EPOC16. Psion released several Series 3 devices from 1991 to 1998 which used the EPOC16 OS, also known as SIBO.
EPOC OS Releases 13. The Series 5 device, released in 1997, used the first iterations of the EPOC32 OS.
EPOC Release 4. Oregon Osaris and Geofox 1 were released using ER4.
In 1998, Symbian Ltd. was formed as a partnership between Ericsson, Nokia, Motorola and Psion, to explore the convergence between PDAs and mobile phones.
EPOC Release 5 a.k.a. Symbian OS v5. Psion Series 5mx, Series 7, Psion Revo, Psion Netbook, netPad, Ericsson MC218 were released in 1999 using ER5.
ER5u a.k.a.

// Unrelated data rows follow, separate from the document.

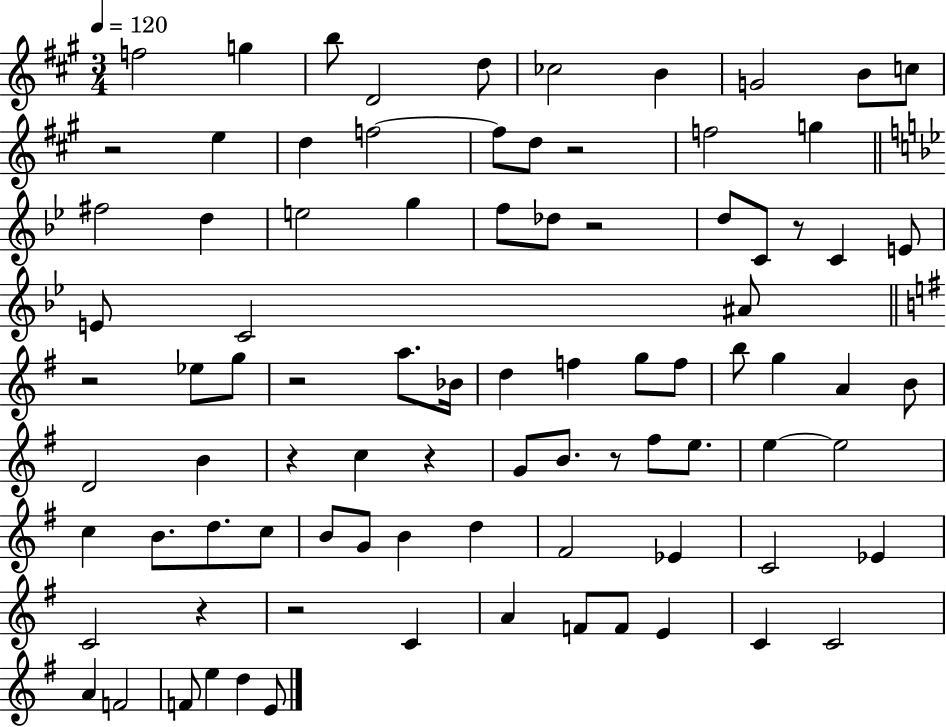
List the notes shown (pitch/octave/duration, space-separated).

F5/h G5/q B5/e D4/h D5/e CES5/h B4/q G4/h B4/e C5/e R/h E5/q D5/q F5/h F5/e D5/e R/h F5/h G5/q F#5/h D5/q E5/h G5/q F5/e Db5/e R/h D5/e C4/e R/e C4/q E4/e E4/e C4/h A#4/e R/h Eb5/e G5/e R/h A5/e. Bb4/s D5/q F5/q G5/e F5/e B5/e G5/q A4/q B4/e D4/h B4/q R/q C5/q R/q G4/e B4/e. R/e F#5/e E5/e. E5/q E5/h C5/q B4/e. D5/e. C5/e B4/e G4/e B4/q D5/q F#4/h Eb4/q C4/h Eb4/q C4/h R/q R/h C4/q A4/q F4/e F4/e E4/q C4/q C4/h A4/q F4/h F4/e E5/q D5/q E4/e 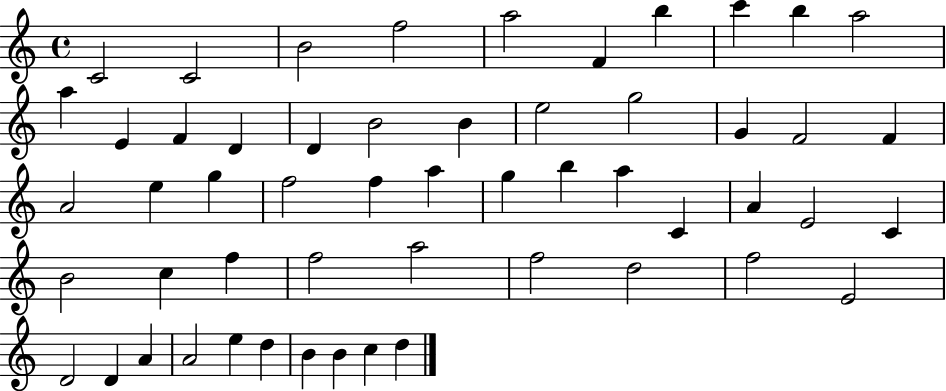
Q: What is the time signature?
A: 4/4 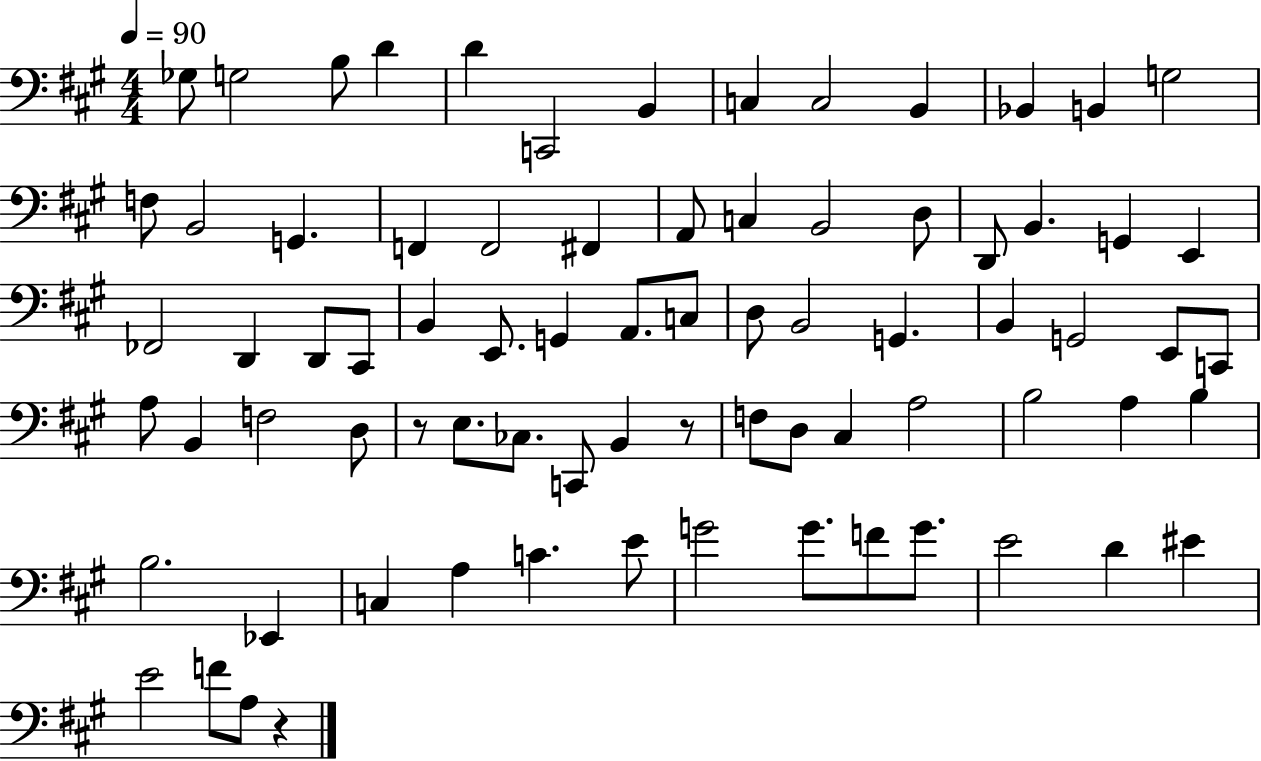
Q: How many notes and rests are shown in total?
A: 77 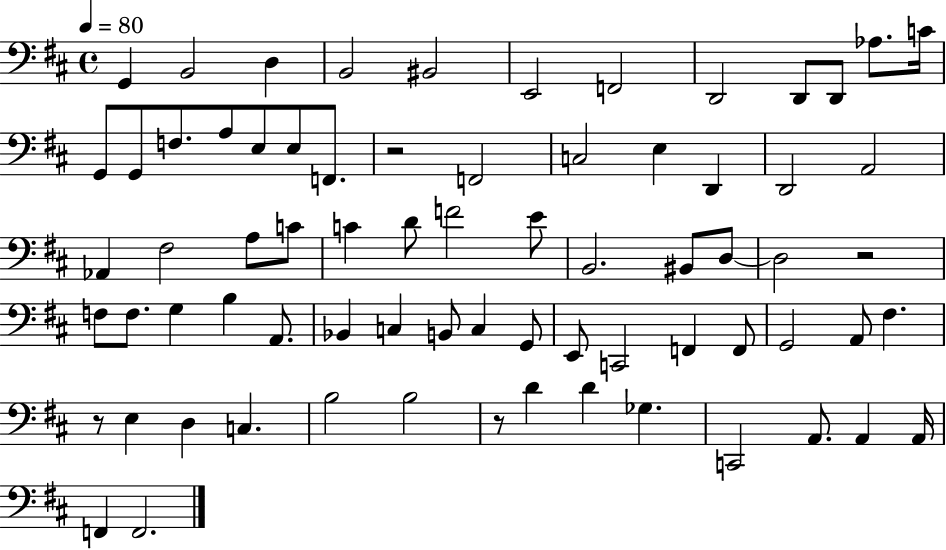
X:1
T:Untitled
M:4/4
L:1/4
K:D
G,, B,,2 D, B,,2 ^B,,2 E,,2 F,,2 D,,2 D,,/2 D,,/2 _A,/2 C/4 G,,/2 G,,/2 F,/2 A,/2 E,/2 E,/2 F,,/2 z2 F,,2 C,2 E, D,, D,,2 A,,2 _A,, ^F,2 A,/2 C/2 C D/2 F2 E/2 B,,2 ^B,,/2 D,/2 D,2 z2 F,/2 F,/2 G, B, A,,/2 _B,, C, B,,/2 C, G,,/2 E,,/2 C,,2 F,, F,,/2 G,,2 A,,/2 ^F, z/2 E, D, C, B,2 B,2 z/2 D D _G, C,,2 A,,/2 A,, A,,/4 F,, F,,2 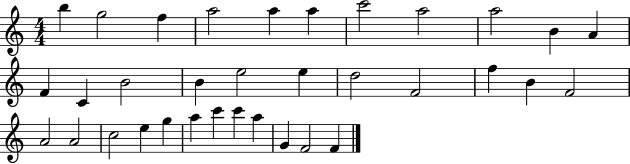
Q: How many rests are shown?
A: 0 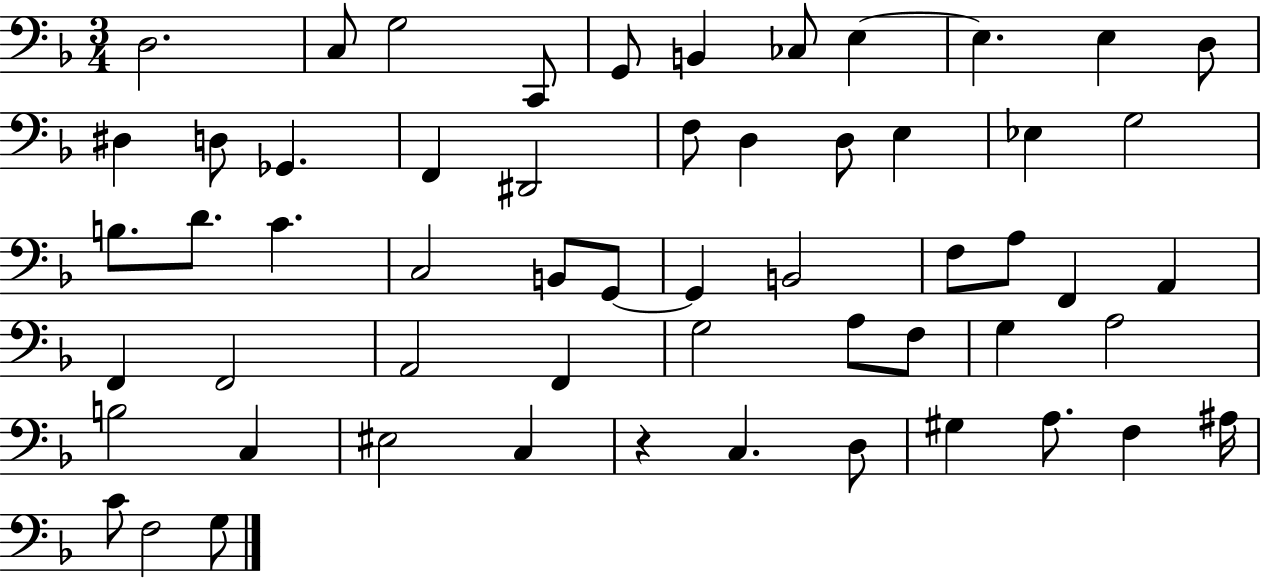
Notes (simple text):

D3/h. C3/e G3/h C2/e G2/e B2/q CES3/e E3/q E3/q. E3/q D3/e D#3/q D3/e Gb2/q. F2/q D#2/h F3/e D3/q D3/e E3/q Eb3/q G3/h B3/e. D4/e. C4/q. C3/h B2/e G2/e G2/q B2/h F3/e A3/e F2/q A2/q F2/q F2/h A2/h F2/q G3/h A3/e F3/e G3/q A3/h B3/h C3/q EIS3/h C3/q R/q C3/q. D3/e G#3/q A3/e. F3/q A#3/s C4/e F3/h G3/e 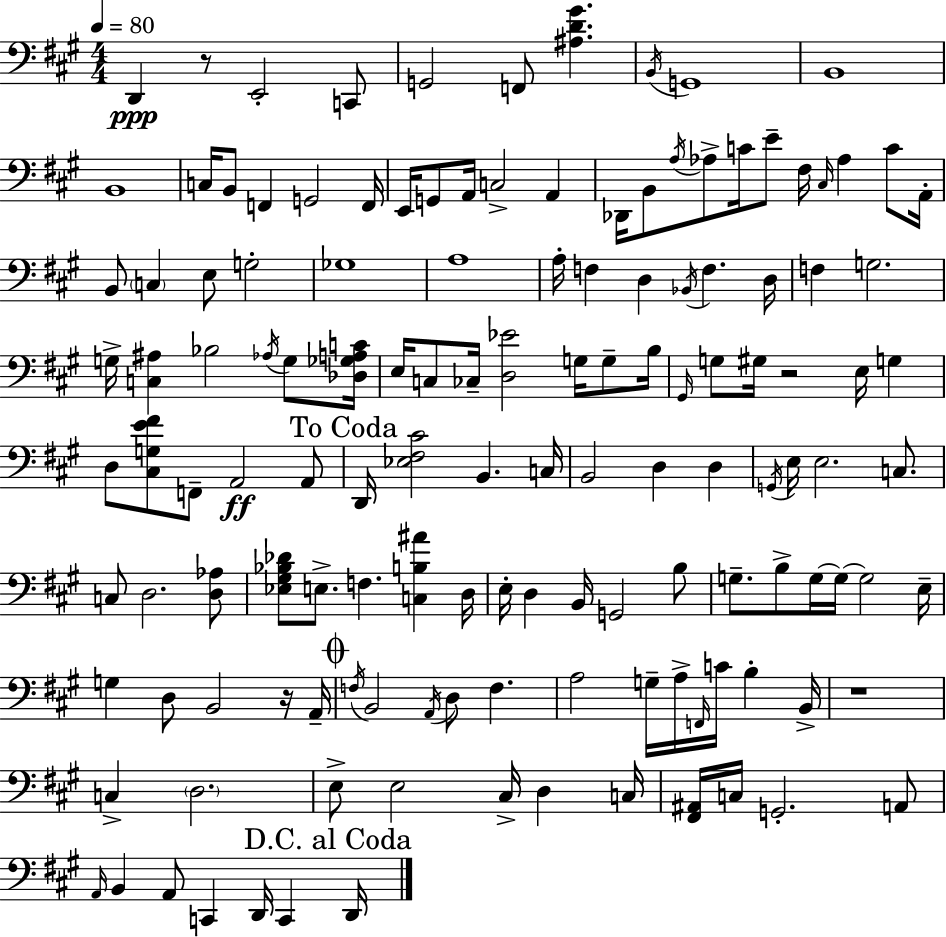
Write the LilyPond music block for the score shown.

{
  \clef bass
  \numericTimeSignature
  \time 4/4
  \key a \major
  \tempo 4 = 80
  d,4\ppp r8 e,2-. c,8 | g,2 f,8 <ais d' gis'>4. | \acciaccatura { b,16 } g,1 | b,1 | \break b,1 | c16 b,8 f,4 g,2 | f,16 e,16 g,8 a,16 c2-> a,4 | des,16 b,8 \acciaccatura { a16 } aes8-> c'16 e'8-- fis16 \grace { cis16 } aes4 | \break c'8 a,16-. b,8 \parenthesize c4 e8 g2-. | ges1 | a1 | a16-. f4 d4 \acciaccatura { bes,16 } f4. | \break d16 f4 g2. | g16-> <c ais>4 bes2 | \acciaccatura { aes16 } g8 <des ges a c'>16 e16 c8 ces16-- <d ees'>2 | g16 g8-- b16 \grace { gis,16 } g8 gis16 r2 | \break e16 g4 d8 <cis g e' fis'>8 f,8-- a,2\ff | a,8 \mark "To Coda" d,16 <ees fis cis'>2 b,4. | c16 b,2 d4 | d4 \acciaccatura { g,16 } e16 e2. | \break c8. c8 d2. | <d aes>8 <ees gis bes des'>8 e8.-> f4. | <c b ais'>4 d16 e16-. d4 b,16 g,2 | b8 g8.-- b8-> g16~~ g16~~ g2 | \break e16-- g4 d8 b,2 | r16 a,16-- \mark \markup { \musicglyph "scripts.coda" } \acciaccatura { f16 } b,2 | \acciaccatura { a,16 } d8 f4. a2 | g16-- a16-> \grace { f,16 } c'16 b4-. b,16-> r1 | \break c4-> \parenthesize d2. | e8-> e2 | cis16-> d4 c16 <fis, ais,>16 c16 g,2.-. | a,8 \grace { a,16 } b,4 a,8 | \break c,4 d,16 c,4 \mark "D.C. al Coda" d,16 \bar "|."
} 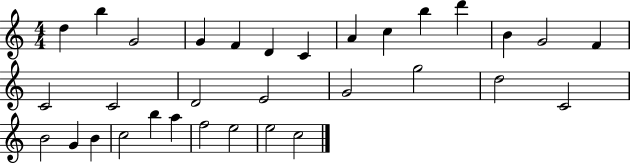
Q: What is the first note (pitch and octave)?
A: D5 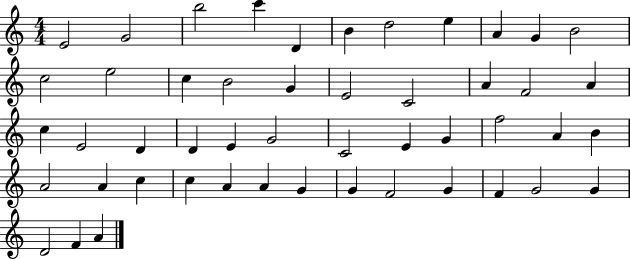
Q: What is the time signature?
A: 4/4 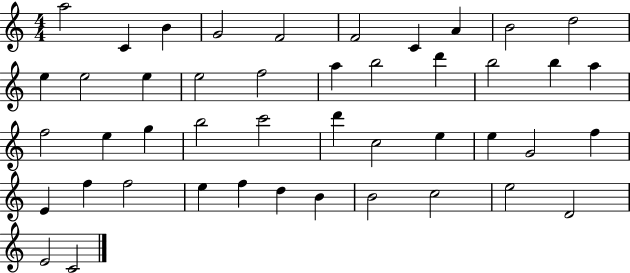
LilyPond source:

{
  \clef treble
  \numericTimeSignature
  \time 4/4
  \key c \major
  a''2 c'4 b'4 | g'2 f'2 | f'2 c'4 a'4 | b'2 d''2 | \break e''4 e''2 e''4 | e''2 f''2 | a''4 b''2 d'''4 | b''2 b''4 a''4 | \break f''2 e''4 g''4 | b''2 c'''2 | d'''4 c''2 e''4 | e''4 g'2 f''4 | \break e'4 f''4 f''2 | e''4 f''4 d''4 b'4 | b'2 c''2 | e''2 d'2 | \break e'2 c'2 | \bar "|."
} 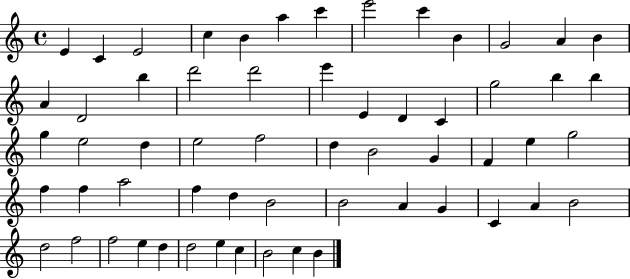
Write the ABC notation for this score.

X:1
T:Untitled
M:4/4
L:1/4
K:C
E C E2 c B a c' e'2 c' B G2 A B A D2 b d'2 d'2 e' E D C g2 b b g e2 d e2 f2 d B2 G F e g2 f f a2 f d B2 B2 A G C A B2 d2 f2 f2 e d d2 e c B2 c B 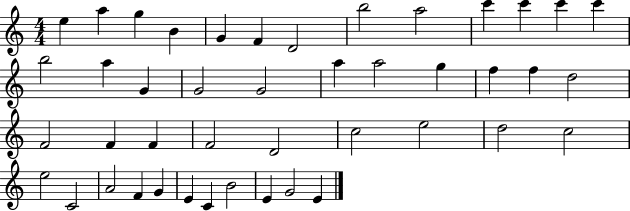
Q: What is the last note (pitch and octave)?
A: E4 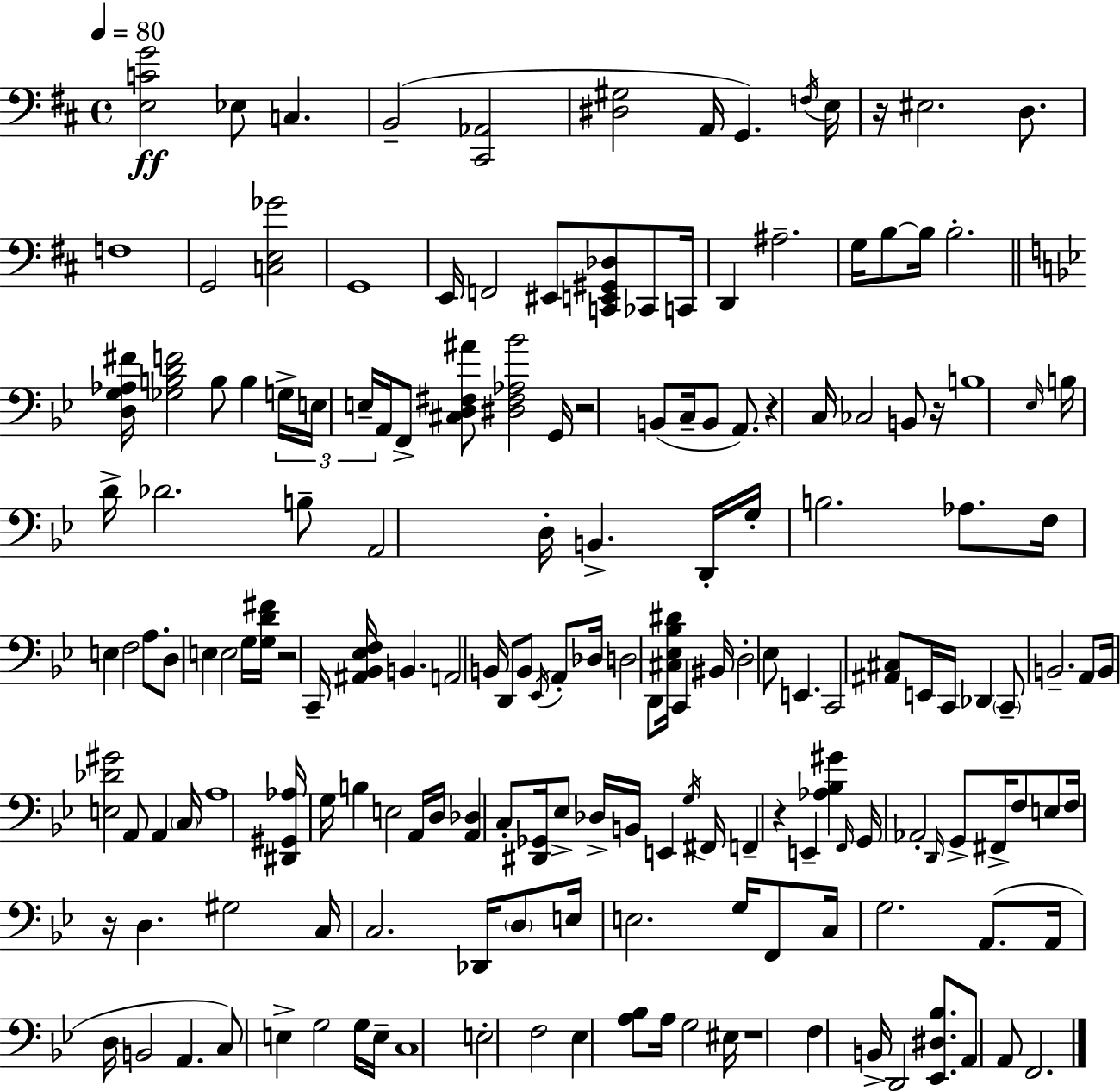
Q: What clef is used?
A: bass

Symbian OS v5.1. u Unicode. The first phone, the Ericsson R380 was released using ER5u in 2000. It was not an 'open' phone - software could not be installed. Notably, a number of never released Psion prototypes for next generation PDAs, including a Bluetooth Revo successor codenamed Conan were using ER5u.
Symbian OS v6.0 and v6.1. Sometimes called ER6. The first 'open' Symbian OS phone, the Nokia 9210, was released on 6.0.
Symbian OS v7.0 and v7.0s. First shipped in 2003. This is an important Symbian release which appeared with all contemporary user interfaces including UIQ (Sony Ericsson P800, P900, P910, Motorola A925, A1000), Series 80 (Nokia 9300, 9500), Series 90 (Nokia 7710), Series 60 (Nokia 6600, 7310) as well as several FOMA phones in Japan.
In 2004, Psion sold its stake in Symbian.
Also in 2004, the first worm for mobile phones using Symbian OS, Cabir, was developed, which used Bluetooth to spread itself to nearby phones. See Cabir and Symbian OS threats.
Symbian OS v8.0. First shipped in 2004, one of its advantages would have been a choice of two different kernels (EKA1 or EKA2). However, the EKA2 kernel version did not ship until SymbianOS v8.1b. The kernels behave more or less identically from user-side, but are internally very different. EKA1 was chosen by some manufacturers to maintain compatibility with old device drivers, whilst EKA2 offered advantages such as a hard real-time capability. v8.0b was deproductized in 2003.
Symbian OS v8.1. Basically a cleaned-up version of 8.0, this was available in 8.1a and 8.1b versions, with EKA1 and EKA2 kernels respectively. The 8.1b version, with EKA2's single-chip phone support but no additional security layer, was popular among Japanese phone companies desiring the realtime support but not allowing open application installation.